About eleven years later, still not finished by a long way, we sold it for spares after paying rent in a muddy farmer's field all that time. We promised ourselves...one day, but no more working on them. So, weighing all pros & cons, an American RV ticks all the boxes. Gary's comments about no compromise is what I really wanted to hear, I think, so thanks for confirming it. We want to finally own an "RV" with all the comforts of home and go live our dream, travelling around Europe almost full-time until we're too old/senile, or just fed-up of it.

We're lucky in Britain I feel, because we have all the different countries/cultures of Europe right on our doorstep, (yet separate) more than enough to fill our days learning French/German/Italian/Spanish etc.,and as we're part of the EEC, money's even in "Euros" once on the continent! Just 21 miles across the English channel! how good is that??!!

I always wanted to see America though, and considering the price differential on RV's there & here, if you're willing to do the research/form-filling/cash outlay/ dealing with Customs & Excise etc. (a nightmare and a risk, which is why most people give up on the idea) then one can break even, or perhaps make a tiny profit by buying in America and importing to England. the US economy profits, and we lose nothing except my sanity, but then we get to see the USA, depending on visas, (someone told me 90 days maximum now,) and US Immigration are VERY strict. So I research as best I can with your help. Janet's terrified I'll make a big mistake with the wrong RV and lose all our life-savings!!...I don't think so! er, well I hope not. There's an AWFUL lot to consider and just reading your replies helps me clarify things. It really helps so THANKS again.

Question: What does "Clear Title" mean? in the UK we have what's called the DVLA (DMV?) who issue each vehicle with a log book (V5 form)which has all vehicle details/no.s and the "Registered Keeper" name/address.
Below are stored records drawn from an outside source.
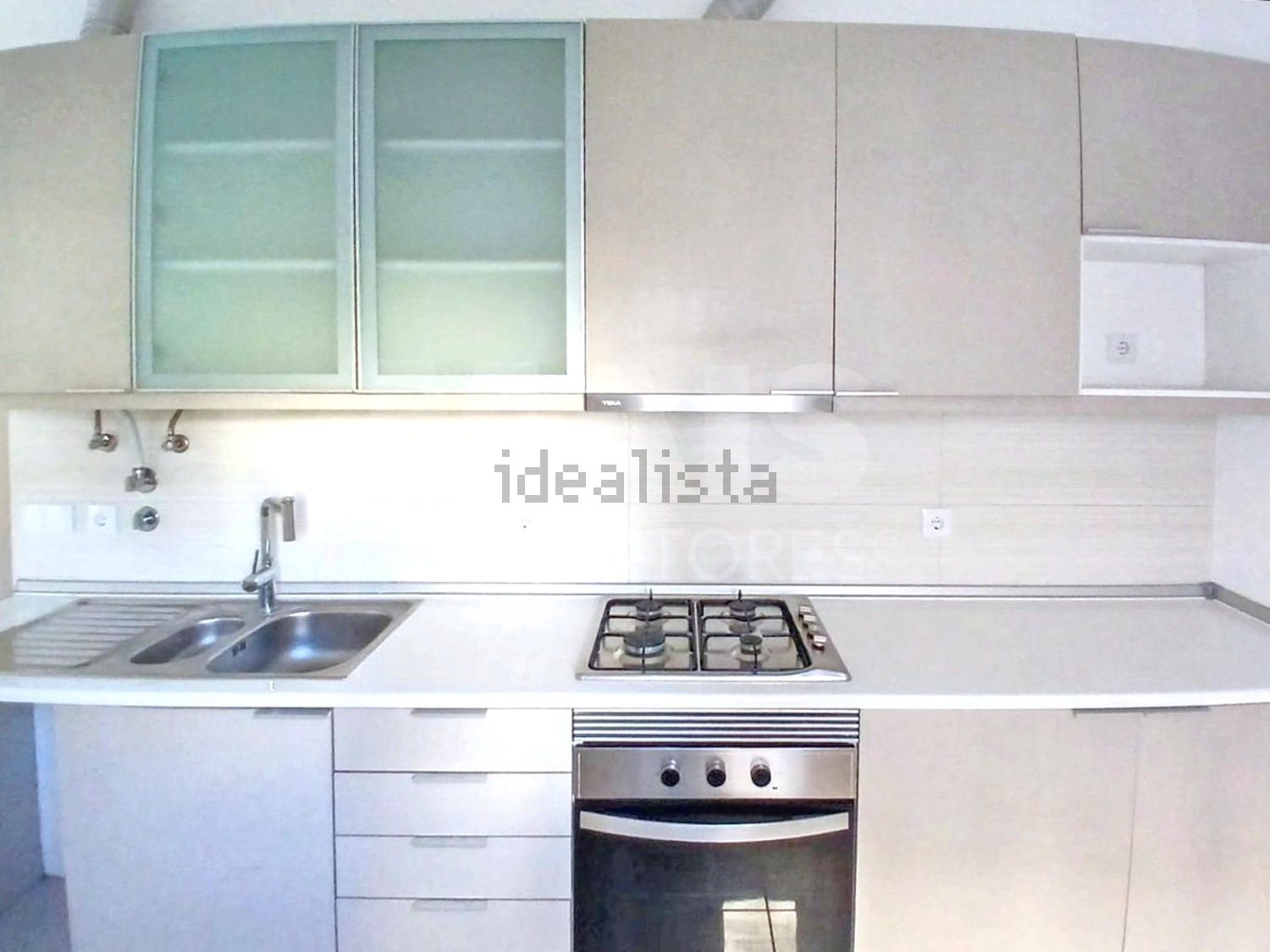 出租公寓 t2在Centro de Laranjeiro - 厨房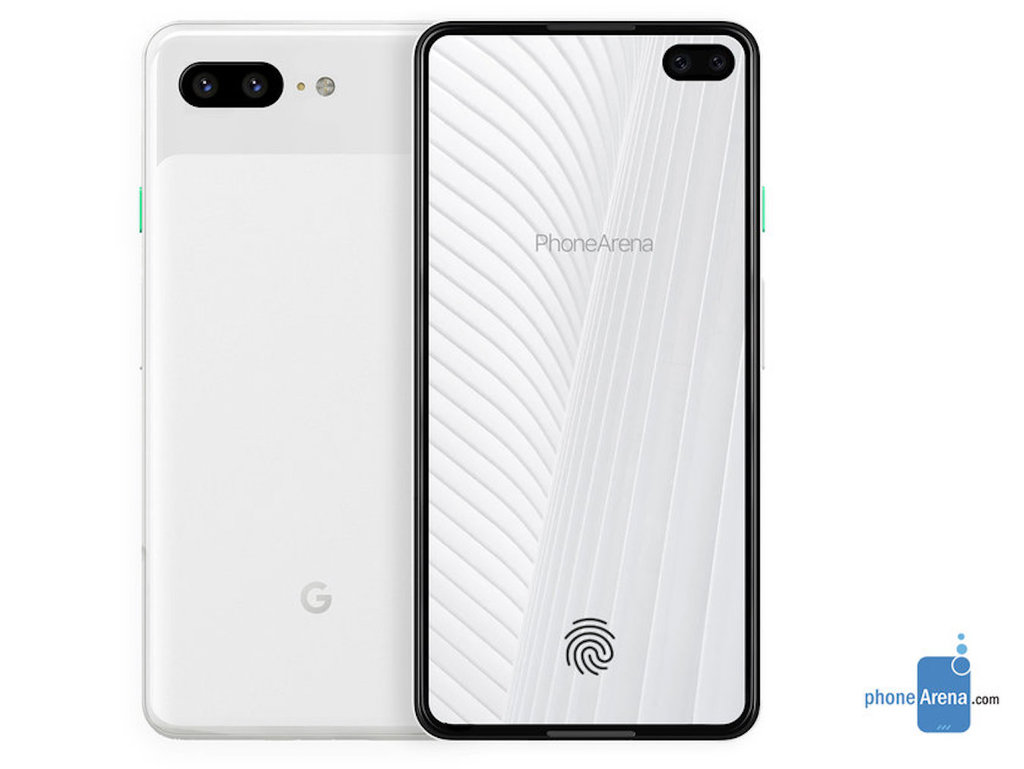 Google Pixel 4XL 或採用屏幕開孔雙鏡頭 正面似足 Samsung Galaxy S10+？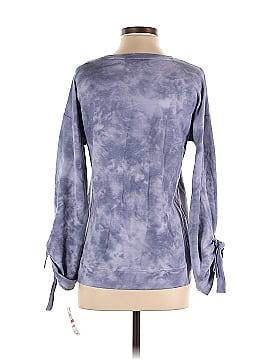 Ideology Long Sleeve Blouse (view 2)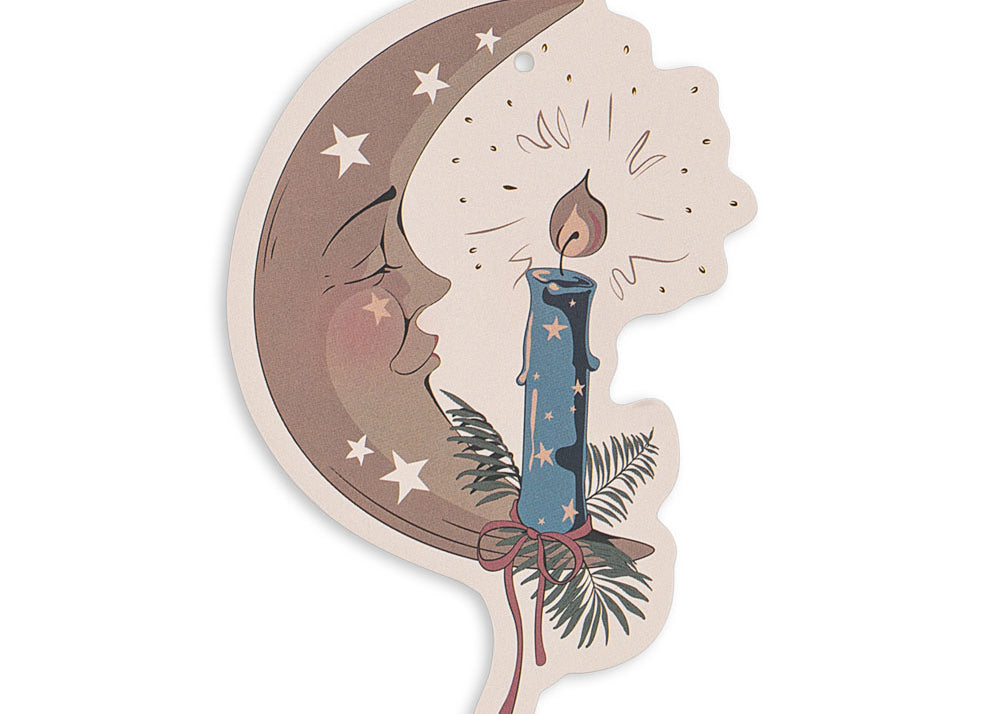 Konges Sløjd A/S Decoratie lucia/luna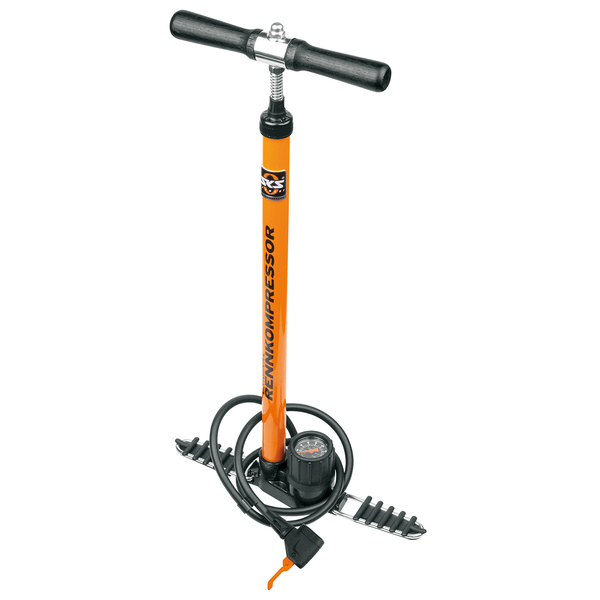 Pompa SKS grindinė RENNKOMPRESSOR60 16 bar / 232 psi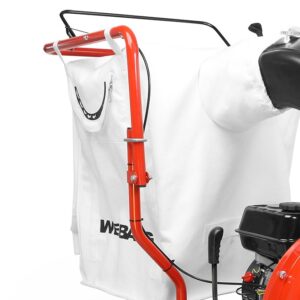 Weibang Laub- und Abfallsauger WB LV 506 HV – Bild 3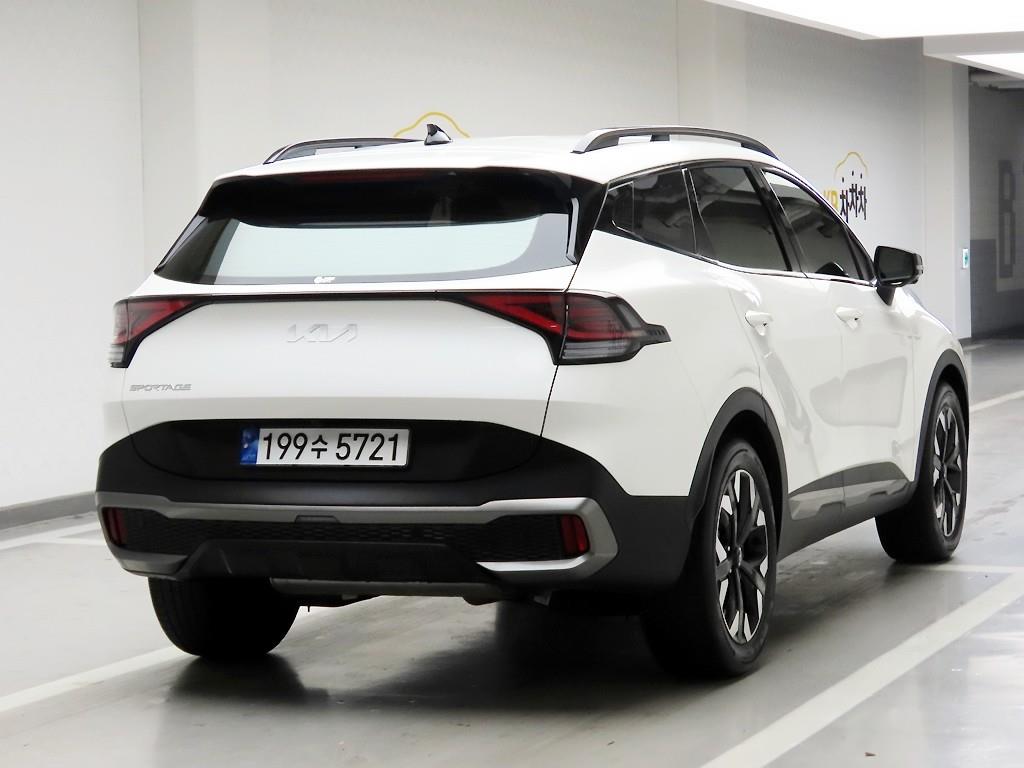 KIA Sportage - Vista 4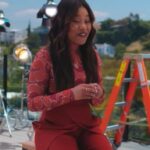 Dominique Fishback Instagram - BE YOURSELF, LOVE. A line that I developed based off of one of the most simple yet profound things someone ever said to me…. Spent the last 3 years unpacking every layer and piece of what that concept could mean fully. I deeply appreciate the journalists, writers, editors and the outlets who have pushed beautiful clips of me being myself and being love. Very generous comments from so many.. I’m glad I am in a place to receive the love and know I am worthy ;) - swipe to understand 1. “God’s promise fulfilled “ 2. “I am worth it. I have breath in my body I’m worth it “ 3. Love for myself can’t be transactional either 4. ASL - this clip has inspired people to learn ASL and also reminded me of my love for the Language and to practice my signing again. You have to sign slow with me. I’m not a master signer. I just put myself out there to learn. So much love to actual interpreters and teachers. You are magic and I hope to one day get there. 🫶🏽 5. Link at the bio to cop the newest apparel for #beyourselflove this army green jacket with gold letters…https://beyourselflove.shop **Anthony’s green eyes sold separately. ;) 6. Yerrrrrrrrrrrr - The Brooklyn Way 7. The future 8. “Seems that people resonate with the fact that you followed your heart.” 9. “But her most enchanting portrayal is when she is being herself “ 🥹 @thedanielleyoung 10. “Be yourself, love”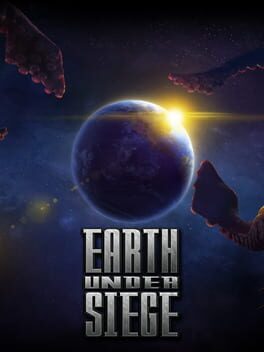 Cover Earth Under Siege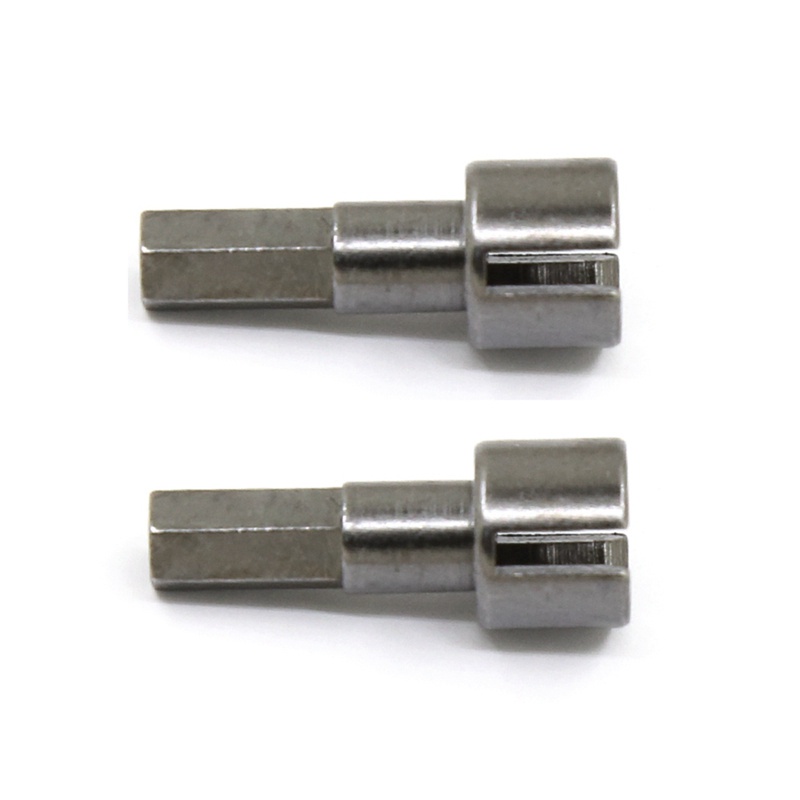 Bộ trục truyền động trục trước &amp; sau bằng kim loại CVD cho WPL C14 C24 C34 B14 B24 B36 MN D90 MN99S RC Bộ phận nâng cấp ô tô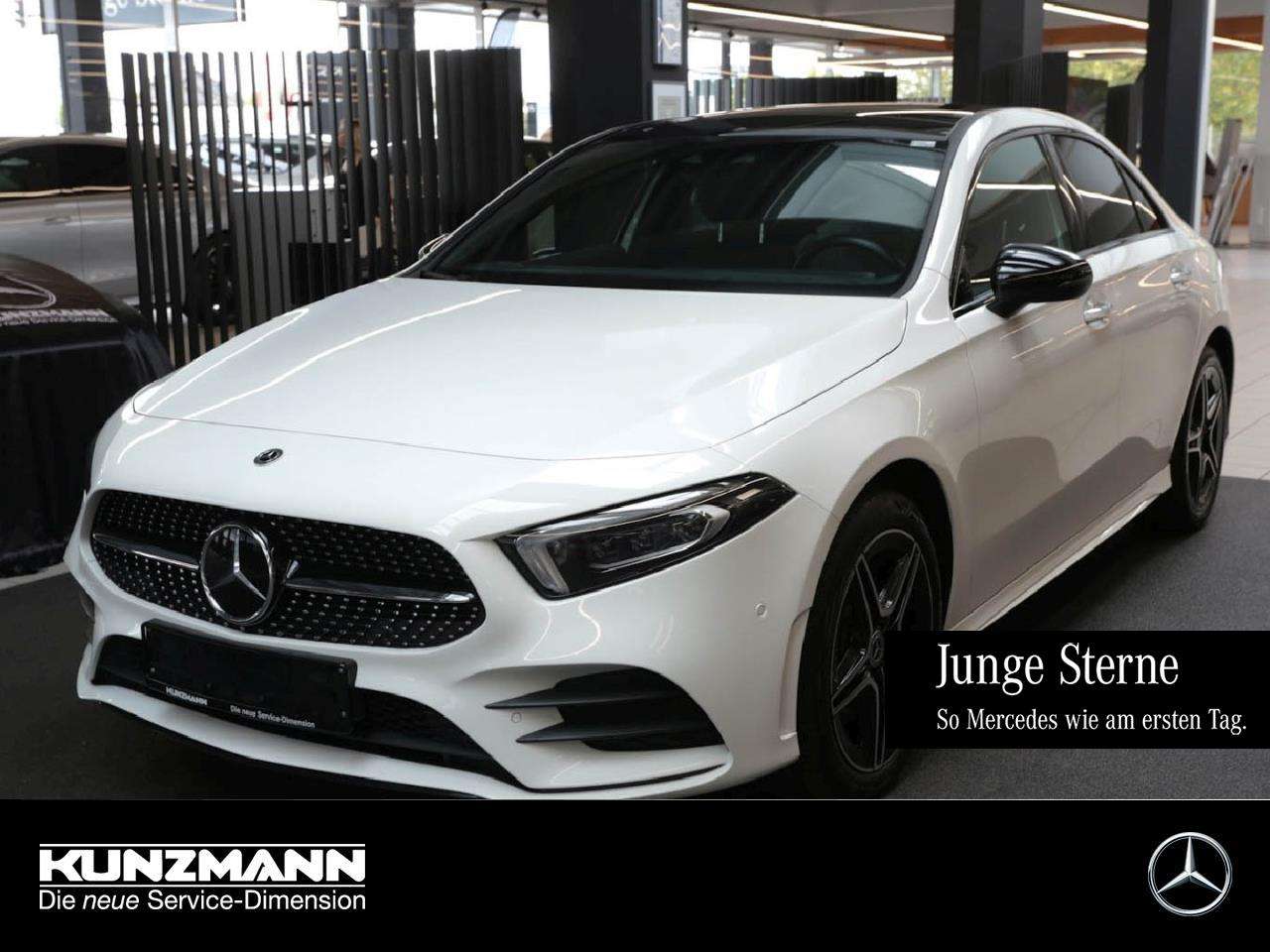 Mercedes-Benz A 250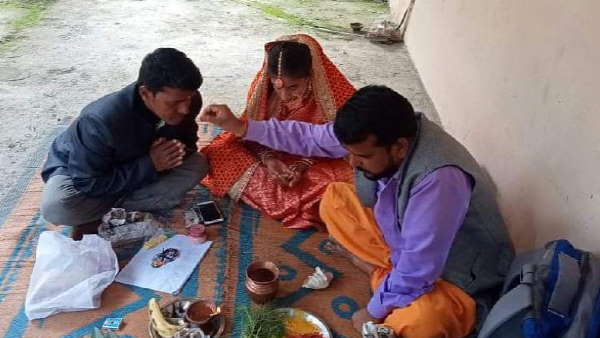 काम करने के बाद लापता 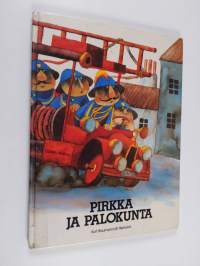 Pirkka ja palokunta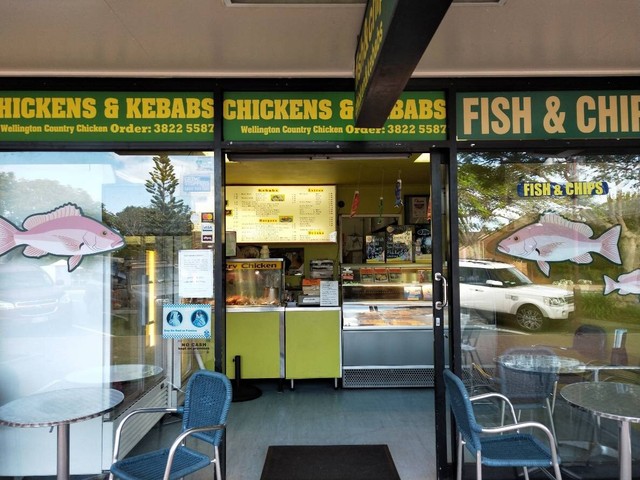 Fish & Chips Chicken & kebabs shop for sale Business For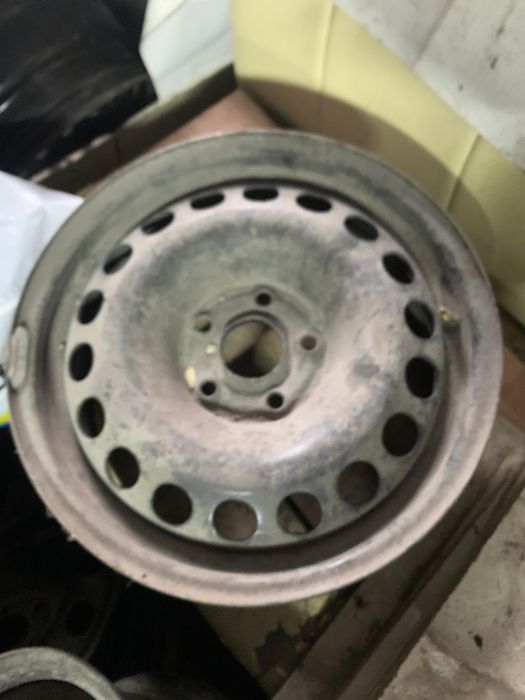 Диски 5.100.r14 метал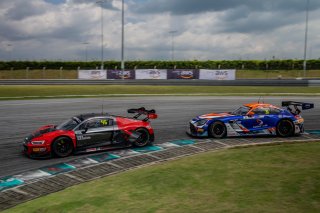 46	Audi Sport Asia Team Phantom	Bao Jinlong	Markus Winkelhock	Audi R8 LMS GT3 EVO II  | SRO Motorsport Group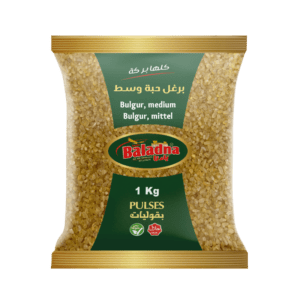 برغل وسط ماركة بلدنا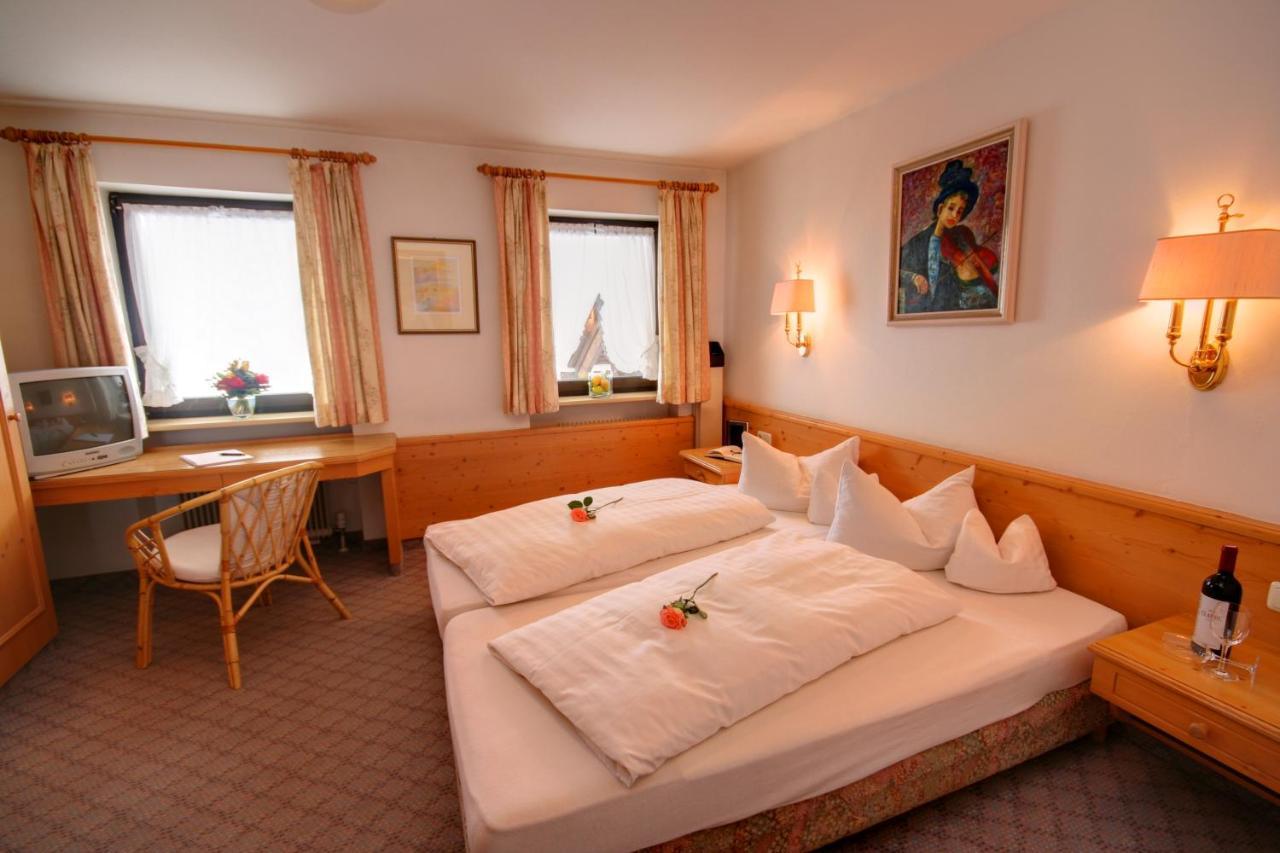 Hotel Adler Garni Гіршеґґ Екстер'єр фото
The Registration no.& plate stays the same throughout the vehicles life and only keeper's details change as it gets sold on. Specific annual insurance has to be in force for each vehicle,usually with named driver(s) but this is a separate matter. After 3yrs. from new, all vehicles have the annual (strict) Ministry of Transport test (MOT) to stay on the road. So, a vehicle here has to have 3 things valid to be used on the road: "log sheet" V5 registration document, Insurance cert. and a current MOT cert.. All Drivers have to have the right licence for the vehicle size/wt. of course, hence my comments/worries about 7.5 tons or under RVs..
I hope some of my info about the UK is of interest to you all, by the way!!

Question: If I bought an RV from one of you guys, say,-second-hand of course, there's no "Sales Tax" to be paid as well, is there?

Over here, it would only be a dealer/Business that charged the dreaded (stealth) Value Added Tax, (same as your sales tax) which is 17 and a half percent. A private seller would just charge the asking price, is that right?

Question: The standard width of RV A class in the US is 100", correct? Is a "wide-body" type wider than this? UK law says max. width is 2.55M, which is actually 100" plus 3/8ths of an inch EXACTLY. Anybody know Exact measurements? This is one of the most costly mistakes I could make, as it couldn't pass a UK MOT test & therefore can't be used. Effectively a $80,000 chicken coop! oops! Life savings gone.
Ahh, enough from the Limey, already!! Thanks for listening guys. Tom.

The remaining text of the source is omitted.